## Work to be completed
Each line below from the one containing "Shrimp And Grits" through the one containing "Scenic view of" is to be given again exactly, and no line outside that span.

## Dataset records
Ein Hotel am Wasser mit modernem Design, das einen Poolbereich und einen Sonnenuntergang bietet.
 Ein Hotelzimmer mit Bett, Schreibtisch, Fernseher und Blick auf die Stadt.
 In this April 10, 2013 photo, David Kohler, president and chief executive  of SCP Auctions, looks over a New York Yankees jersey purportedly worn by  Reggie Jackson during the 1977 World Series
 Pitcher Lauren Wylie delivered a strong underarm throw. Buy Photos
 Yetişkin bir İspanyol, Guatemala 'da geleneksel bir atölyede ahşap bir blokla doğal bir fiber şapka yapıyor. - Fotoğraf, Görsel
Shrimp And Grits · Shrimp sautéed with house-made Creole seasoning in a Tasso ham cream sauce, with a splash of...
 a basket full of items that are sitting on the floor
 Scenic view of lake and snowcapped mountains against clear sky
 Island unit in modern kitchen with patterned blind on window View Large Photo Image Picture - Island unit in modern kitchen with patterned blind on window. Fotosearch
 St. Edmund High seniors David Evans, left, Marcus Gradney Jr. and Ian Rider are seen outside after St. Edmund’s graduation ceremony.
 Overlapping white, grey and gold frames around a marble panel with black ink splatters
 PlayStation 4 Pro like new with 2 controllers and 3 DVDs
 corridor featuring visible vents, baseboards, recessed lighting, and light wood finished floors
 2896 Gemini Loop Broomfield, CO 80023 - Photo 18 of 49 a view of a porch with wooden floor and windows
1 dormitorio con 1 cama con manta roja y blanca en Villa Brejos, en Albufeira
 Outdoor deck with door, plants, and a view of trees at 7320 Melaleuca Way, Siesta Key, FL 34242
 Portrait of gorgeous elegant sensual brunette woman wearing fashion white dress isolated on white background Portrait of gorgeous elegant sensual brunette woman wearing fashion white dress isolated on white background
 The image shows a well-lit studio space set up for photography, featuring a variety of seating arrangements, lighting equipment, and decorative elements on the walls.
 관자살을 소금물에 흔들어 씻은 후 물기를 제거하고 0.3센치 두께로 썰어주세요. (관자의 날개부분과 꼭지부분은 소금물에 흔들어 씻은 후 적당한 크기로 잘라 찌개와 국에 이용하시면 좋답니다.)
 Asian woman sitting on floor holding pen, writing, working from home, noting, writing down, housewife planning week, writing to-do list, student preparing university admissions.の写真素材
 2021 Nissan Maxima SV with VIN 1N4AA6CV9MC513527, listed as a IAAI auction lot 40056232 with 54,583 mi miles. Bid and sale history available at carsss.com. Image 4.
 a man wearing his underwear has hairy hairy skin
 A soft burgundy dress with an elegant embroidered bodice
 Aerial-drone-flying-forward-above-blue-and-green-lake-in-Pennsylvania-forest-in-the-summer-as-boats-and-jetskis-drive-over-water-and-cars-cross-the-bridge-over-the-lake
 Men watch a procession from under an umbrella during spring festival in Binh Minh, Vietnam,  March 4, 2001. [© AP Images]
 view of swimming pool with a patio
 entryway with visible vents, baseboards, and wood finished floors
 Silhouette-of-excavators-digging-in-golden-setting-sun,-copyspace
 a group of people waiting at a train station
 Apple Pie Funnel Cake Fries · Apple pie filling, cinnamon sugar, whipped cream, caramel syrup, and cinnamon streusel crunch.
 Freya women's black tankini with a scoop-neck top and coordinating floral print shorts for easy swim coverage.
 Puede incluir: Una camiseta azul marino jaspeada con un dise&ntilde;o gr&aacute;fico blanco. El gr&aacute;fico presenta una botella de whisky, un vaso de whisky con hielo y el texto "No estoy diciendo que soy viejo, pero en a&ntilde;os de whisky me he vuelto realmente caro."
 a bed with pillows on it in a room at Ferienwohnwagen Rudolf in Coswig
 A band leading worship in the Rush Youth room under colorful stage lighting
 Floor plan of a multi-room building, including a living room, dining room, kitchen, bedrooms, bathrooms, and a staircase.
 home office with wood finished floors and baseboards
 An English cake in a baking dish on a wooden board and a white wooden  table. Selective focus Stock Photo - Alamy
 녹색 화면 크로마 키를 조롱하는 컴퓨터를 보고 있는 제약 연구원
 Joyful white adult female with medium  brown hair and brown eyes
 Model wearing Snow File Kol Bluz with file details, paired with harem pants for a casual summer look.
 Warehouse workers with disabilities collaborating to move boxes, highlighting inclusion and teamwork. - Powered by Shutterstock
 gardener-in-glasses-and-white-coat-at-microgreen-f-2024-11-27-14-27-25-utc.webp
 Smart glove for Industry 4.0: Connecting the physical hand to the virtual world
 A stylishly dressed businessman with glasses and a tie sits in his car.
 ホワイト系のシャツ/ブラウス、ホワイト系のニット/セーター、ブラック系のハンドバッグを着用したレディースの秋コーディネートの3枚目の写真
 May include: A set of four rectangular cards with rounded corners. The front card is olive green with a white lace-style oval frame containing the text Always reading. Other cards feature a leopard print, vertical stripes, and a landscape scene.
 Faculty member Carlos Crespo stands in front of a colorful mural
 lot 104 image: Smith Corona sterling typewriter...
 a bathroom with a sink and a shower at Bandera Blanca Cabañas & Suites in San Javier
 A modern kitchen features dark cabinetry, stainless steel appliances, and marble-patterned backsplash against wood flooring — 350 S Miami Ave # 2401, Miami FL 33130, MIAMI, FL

## Solved exercise
Shrimp And Grits · Shrimp sautéed with house-made Creole seasoning in a Tasso ham cream sauce, with a splash of...
 a basket full of items that are sitting on the floor
 Scenic view of lake and snowcapped mountains against clear sky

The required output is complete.